La naturaleza humana —si es que aún puede utilizarse dicho concepto— posee algunos elementos que la identifican como tal: la conciencia de sí, la empatía, la conciencia de la muerte y algunos más que forman una especie de red en la que todos están conectados secretamente entre sí, en la que es difícil señalar si hay alguno que precede a otro o viceversa.

En este sentido, hay uno en especial que podría mirarse como una especie de fuente o manantial primigenio del cual surge esa suma de circunstancias que explican la existencia de una persona: el deseo.

Aun en su forma primitiva —suponiendo que existió en algún momento del desarrollo evolutivo del hombre una especie de proto-deseo que seguía inclinado hacia los instintos pero en franca transformación con respecto a estos — el deseo puede considerarse ese empuje último que como especie nos separó para siempre del seno de la naturaleza, la expulsión edénica que, como querían Kafka y Borges, consiste en que somos incapaces de darnos cuenta en que seguimos en el Paraíso.

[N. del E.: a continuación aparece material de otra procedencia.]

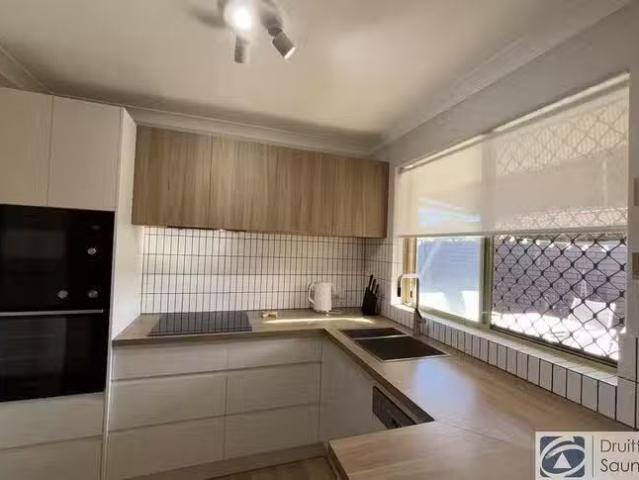 House for rent in Stirling, Western Australia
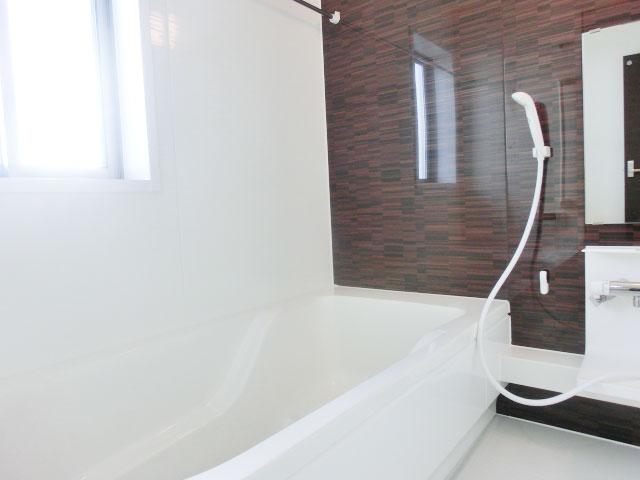 Bathroom. Building 2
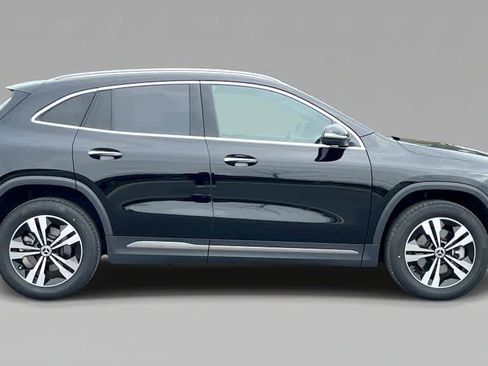 Used 2026 Mercedes-Benz GLA 250 4MATIC image 6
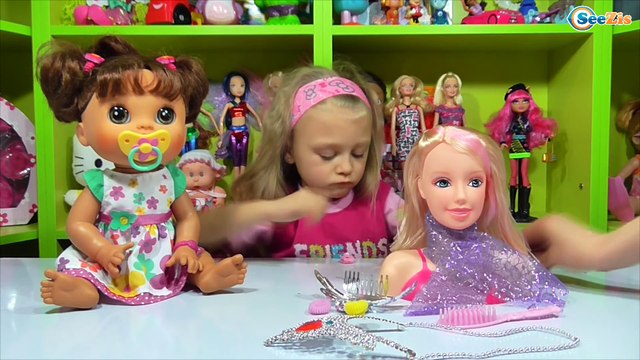 ✔ Кукла и Ярослава открывают новый набор игрушек. Видео для детей. Салон Красоты для девочек ✔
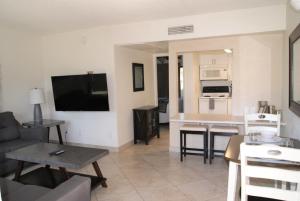 131 Fully Furnished, amenities galore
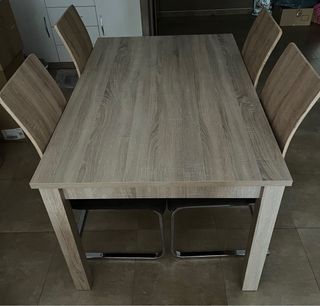 Silla de comedor con respaldo de madera
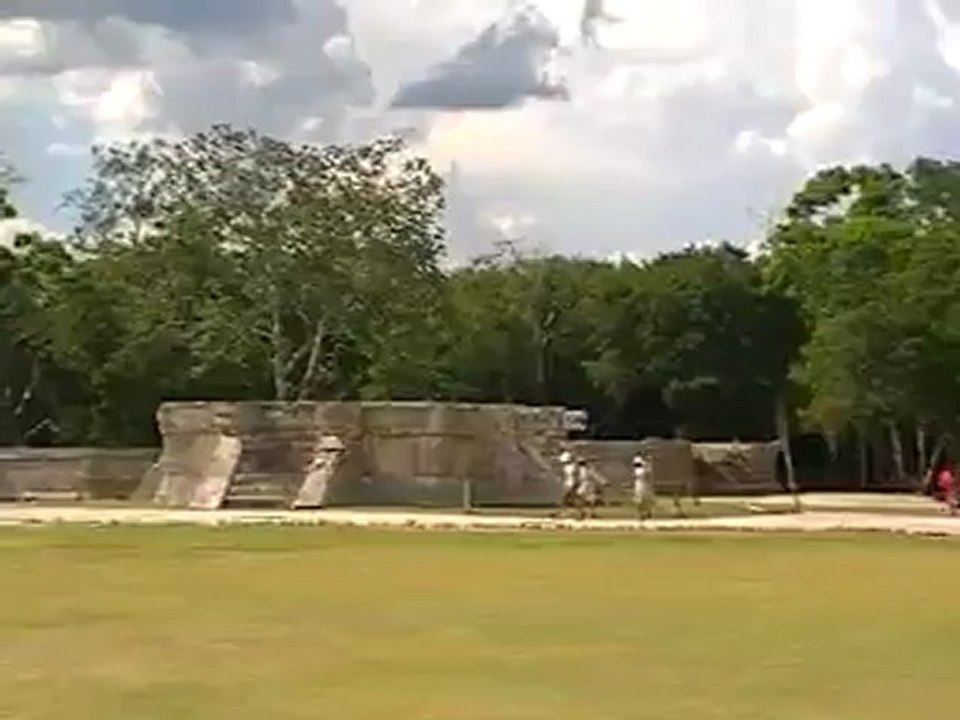 Chichen Itza Mini Yucatan Rundreise Tulum - The Mayan City TUI Rundreise www.Fella.de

La esencia del deseo es paradójica: en su cariz más cruel, nos enfrenta a la realidad de nuestra insatisfacción, nuestra incompletud, al hecho de que necesitamos algo que no tenemos, siempre; en contraste, es esta misma conciencia la que nos anima y nos aviva, la que potencialmente nos empuja a hacer algo para conseguir y alcanzar eso que deseamos.

Esa es una manera de entender el deseo: como raison d’être, en su sentido más literal, como una circunstancia vital que, de no existir o, por el contrario, de satisfacerse realmente, quitaría todo sentido al hecho de ser y estar en este mundo.

Ahora bien, a esta conceptualización francamente lacaniana del deseo puede oponerse, en un juego de contrapuntos, la idea budista del deseo como causa del sufrimiento, como elemento que nos anuda y nos mantiene en los circuitos de miseria y dolor, que echa a andar los enrevesados mecanismos del apego y todas las consecuencias que esto conlleva. Desear algo es, aquí, sentir que ese algo nos hace falta, una sensación más bien cuestionable por ilusoria y que, en cierta forma, tiende naturalmente hacia su desaparición en una persona que sigue la doctrina budista.

Se trata, como se ve, de dos maneras de entender el deseo un tanto opuestas entre sí: ¿es mejor desear y que las acciones emprendidas para alcanzarse ese deseo nos transforme, preferentemente para bien, o no desear y con ese no desear igualmente alcanzar el equilibrio espiritual que dé paz a nuestra existencia?